The Biden administration has aggressively and publicly pressured social media companies such as Facebook to share more data about false and misleading information on the site, and to tamp down its spread. Biden at one point accused Facebook of “killing people” by allowing false information to circulate widely, before later softening his position.
For his part, Murthy has issued a formal advisory in which he declared misinformation “an urgent threat” to public health.
Facebook — which has pushed back by publicly accusing the White House of scapegoating the company — this week released its first quarterly report about the most viewed posts in the United States for the quarter that includes April, May and June.
But only after The Times reported Friday that the company had prepared a similar report for the first three months of the year did the company produce that initial report.

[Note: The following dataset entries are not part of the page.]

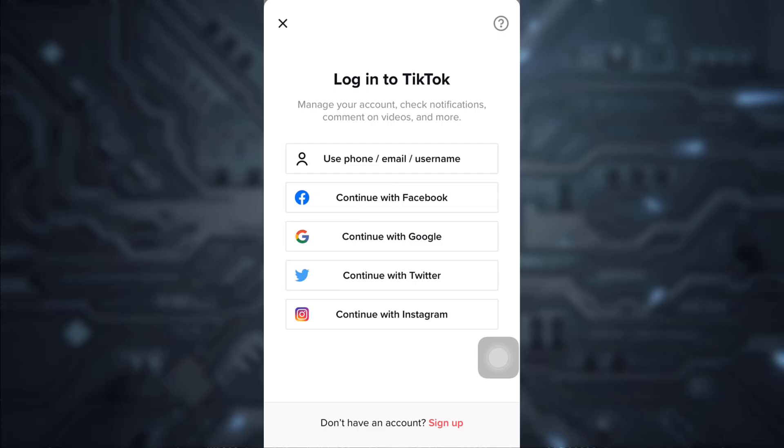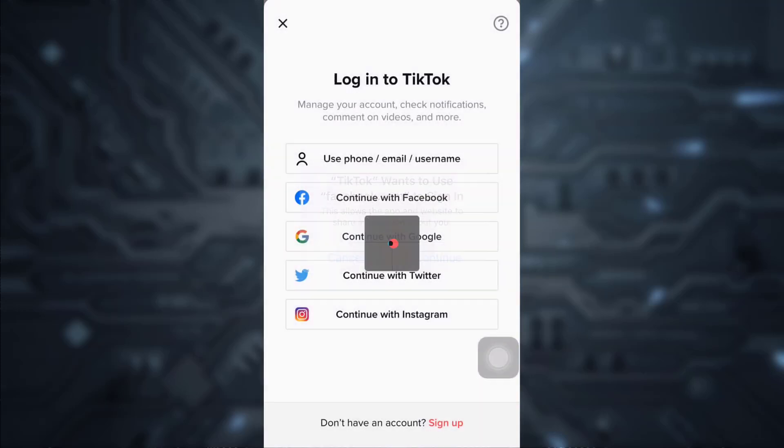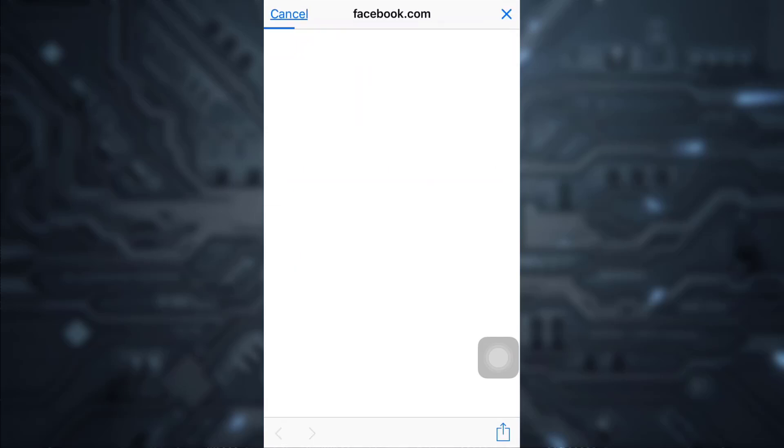In the login options you will see: continue with Facebook, Google, Twitter, Instagram, or using your phone number, email address, or username. Since you want to continue with Facebook, tap on 'Continue with Facebook'.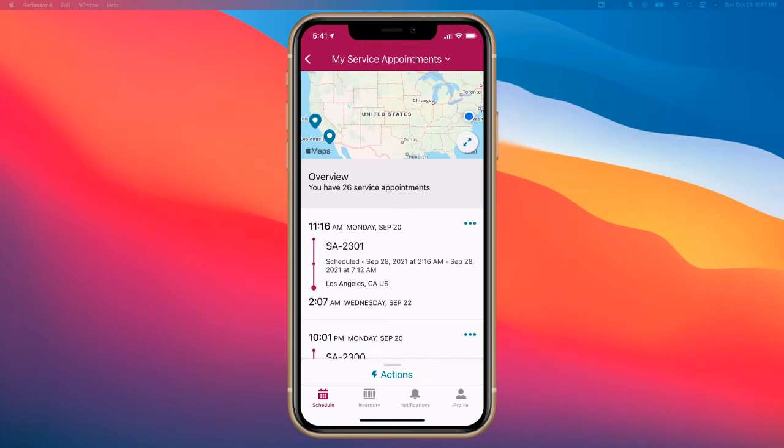Today, we're going to take a look at the Field Service Lightning mobile application for service appointments, as well as product requests, transfers, and shipping information.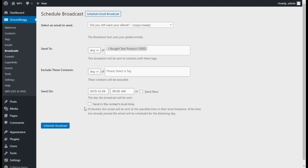If you're choosing to send the email on a later date, then you can also select send in contact's local time. If the contact has a time zone in Groundhog that is not the same as the site's time zone, then it will send it at this time in their time zone.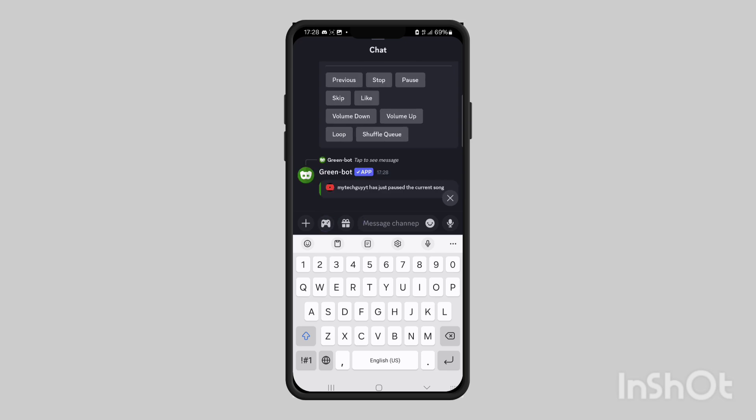And you can see that we just paused the song. So that's how to add a music bot to your Discord server on mobile.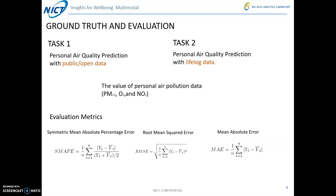For the ground truth and the evaluation metrics of our tasks, for both Task 1 and Task 2, the ground truth is the value of the personal air pollution data — PM2.5, oxidant, and NO2. We use three different metrics for evaluation.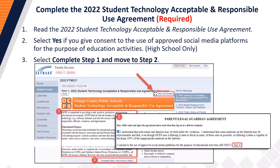Step 1: Read the 2022 Student Technology Acceptable and Responsible Use Agreement. Step 2: Once you have read the agreement, select Yes if you give consent to the use of approved social media platforms for educational activities. Please note, Yes must only be selected by the parent or guardian of a high school student. If you are a parent or guardian of an elementary or middle school student, your selection must be No. Once you have made a selection, proceed to Step 3 and select the 'Complete Step 1 and Move to Step 2' button.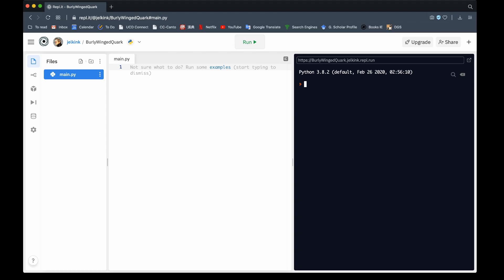So variables are parts of memory that we associate with a particular name and type, and then assign a particular value. With 'a = 4', we have a piece of memory where a is stored. If I type 'print(a)' to print the value of a, I get 4. If I call 'type(a)', it will tell me the type of this variable, which is an integer. So by using the assignment operator equals, I have created a piece of memory where the value is 4, the type is integer, and the name is a. Whenever I refer to a, Python knows I mean 4, and I can do calculations with it.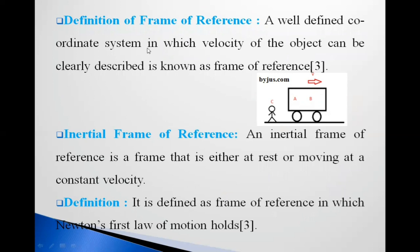Suppose a particle is at point P. We can specify its position using x, y, z coordinates and also the t coordinate — meaning at which time the particle is at which position. We can describe this using that frame of reference.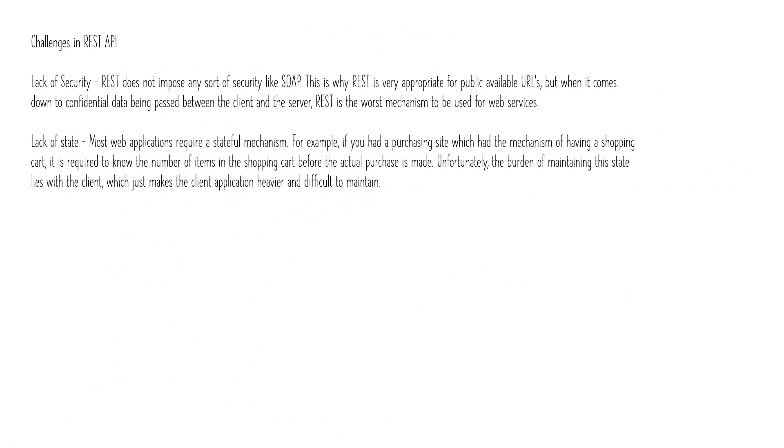So in the next video I'll tell you how we can implement a REST API using each of these methods.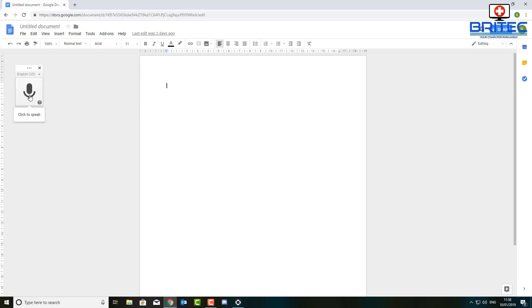The good thing about the Google tool is it's very accurate and it's very fast. No matter what type of tone of voice you've got or what accent you got, it's very good at detecting those words and putting them out onto the document here.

The report showed that the most viewed link on the platform was a news story with a headline suggesting that a coronavirus vaccine was at fault for the death of a Florida doctor. Misinformation peddlers used the article to question the safety of the COVID-19 vaccines on Facebook. It also revealed that a Facebook page for The Epoch Times, which routinely spreads misinformation, was among the 20 most popular pages on the social network.
Murthy’s remarks on the issue of misinformation and its spread came after he was asked about reports of people taking an anti-parasite drug in order to treat COVID-19. “It is costing us in terms of people’s health,” he said.
Asked specifically about Facebook having disclosed the popularity of the news article that was seen to reduce confidence in the coronavirus vaccines, Murthy said it reinforced the fact that “there is a lot of misinformation circulating on these sites.”
“I will readily say that the sites have recognized that this is a challenge, and they’ve stepped up to do some things to reduce the spread of misinformation. And I credit them for that,” he said. “But it’s not nearly enough.”
“There are people who are superspreaders of misinformation,” he added. “And there are algorithms, still, which continue to serve up more and more misinformation to people who encounter it the first time. These are things that companies can and must change. And I think they have a moral responsibility to do so quickly and transparently.”